▸ **THE PROBLEM**
Transcribe the following entries letter for letter, without the pictures.

▸ **INFORMATION**
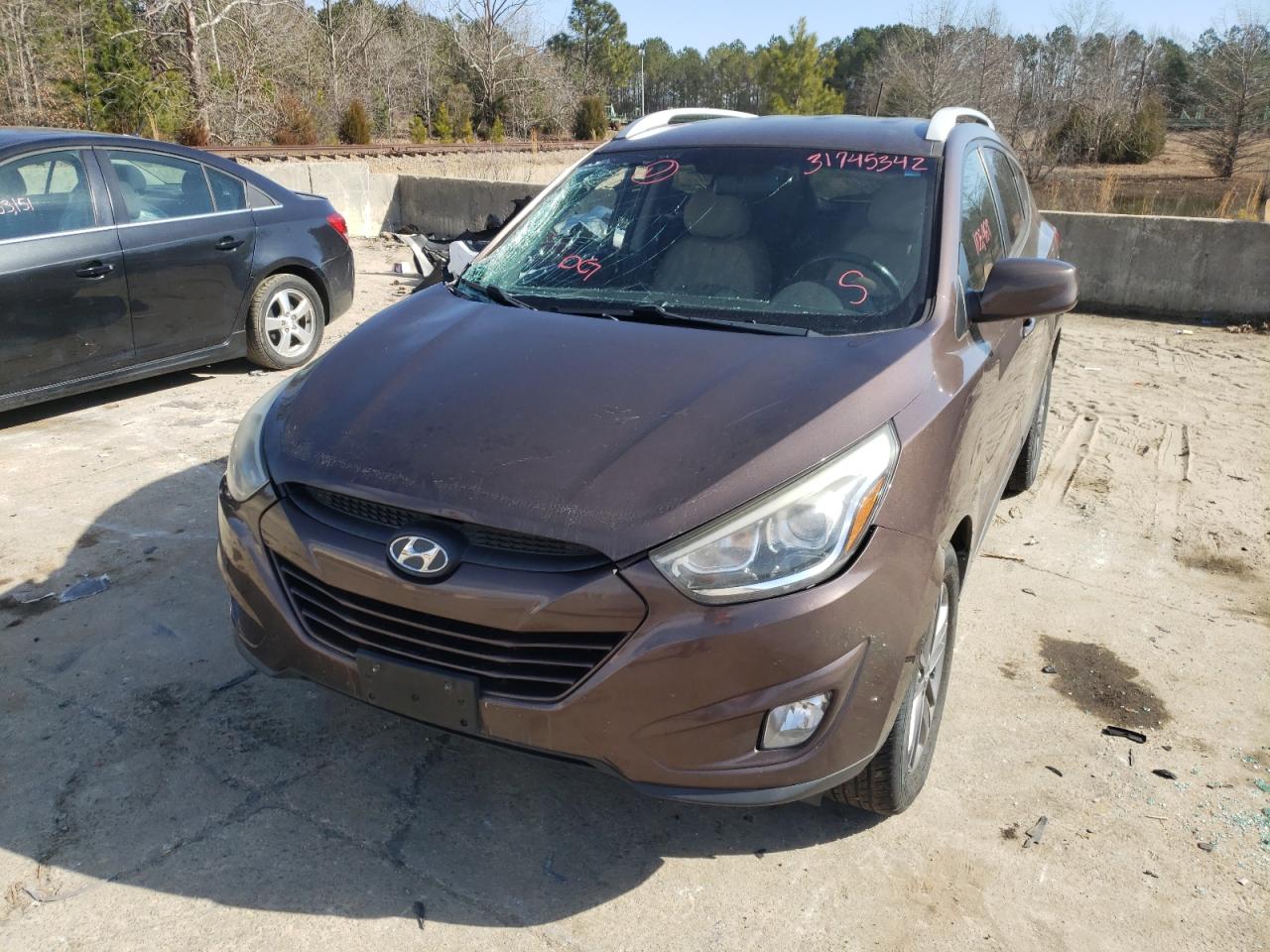 Photo 2 from auction – 2014 HYUNDAI TUCSON GLS with VIN KM8JU3AG2EU876280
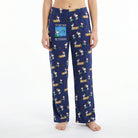 Young female model wearing Snoopy fishing lounge pants with vivid print on white background.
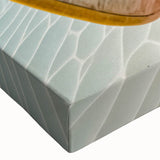 Close-up of a stretched canvas artwork showcasing a vibrant beach landscape design, featuring soft pastel colors and serene waves, ideal for coastal decor.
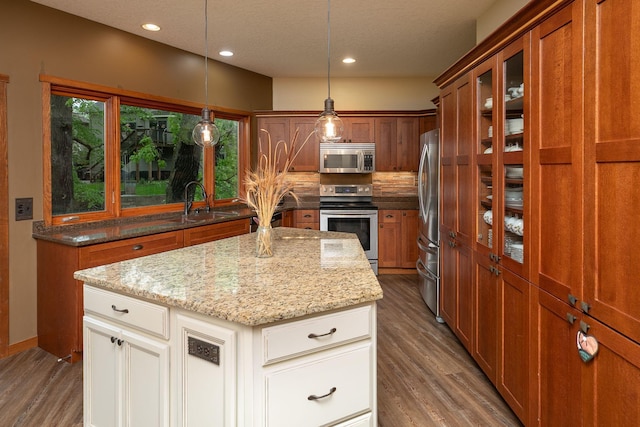 2373 Tee Time Rd SE, Rochester, MN 55904 - kitchen with stainless steel appliances, brown cabinetry, a center island, glass insert cabinets, and light stone countertops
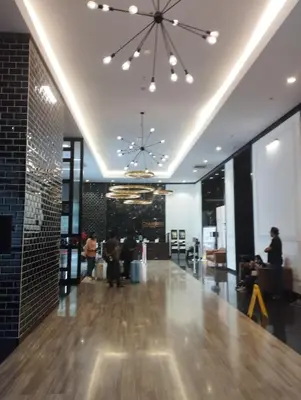 a lobby with people sitting in a building with a chandelier at Chambers residence klcc by Gajilion in Kuala Lumpur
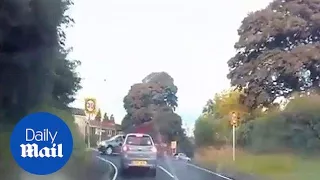 Shocking dashcam footage shows brazen driver spinning 180 degrees - Daily Mail
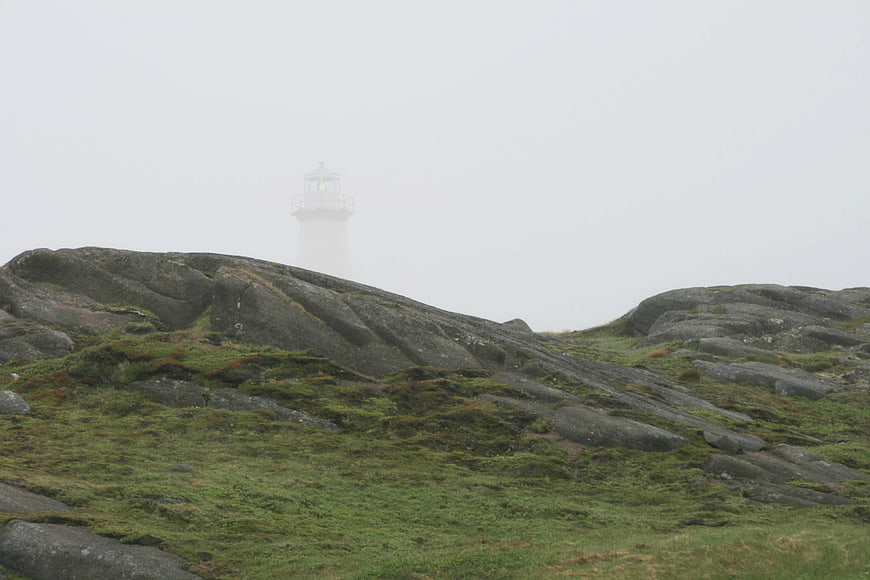 Misty Lighthouse on Rocky Coastal Landscape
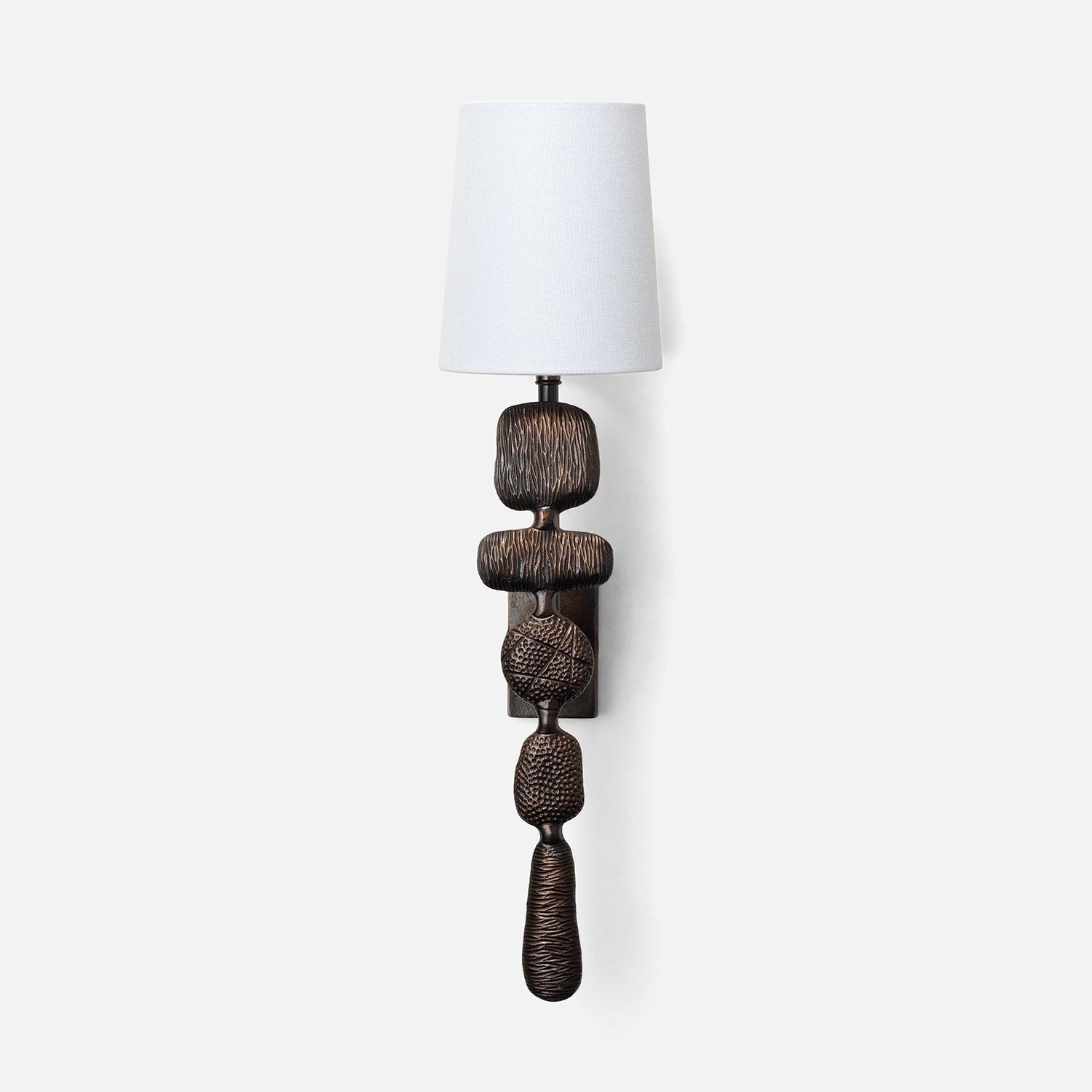 Decorative wall lamp with a textured base and white shade on a white background
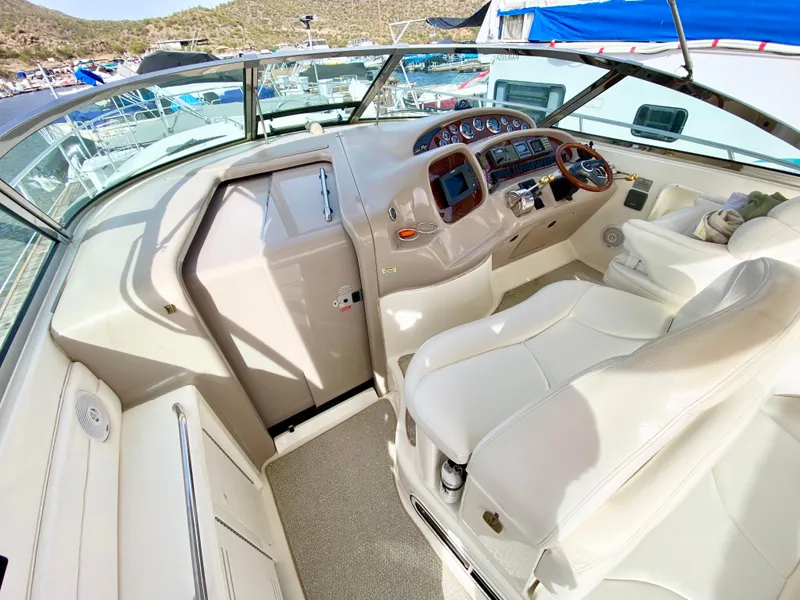 Slide: The Image of 2000 Sea Ray 380 Sundancer cockpit with white leather seats and control panel. - 9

▸ **ANSWER TO THE EXERCISE**
 Photo 2 from auction – 2014 HYUNDAI TUCSON GLS with VIN KM8JU3AG2EU876280
 Young female model wearing Snoopy fishing lounge pants with vivid print on white background.
 Close-up of a stretched canvas artwork showcasing a vibrant beach landscape design, featuring soft pastel colors and serene waves, ideal for coastal decor.
 2373 Tee Time Rd SE, Rochester, MN 55904 - kitchen with stainless steel appliances, brown cabinetry, a center island, glass insert cabinets, and light stone countertops
 a lobby with people sitting in a building with a chandelier at Chambers residence klcc by Gajilion in Kuala Lumpur
 Shocking dashcam footage shows brazen driver spinning 180 degrees - Daily Mail
 Misty Lighthouse on Rocky Coastal Landscape
 Decorative wall lamp with a textured base and white shade on a white background
 Slide: The Image of 2000 Sea Ray 380 Sundancer cockpit with white leather seats and control panel. - 9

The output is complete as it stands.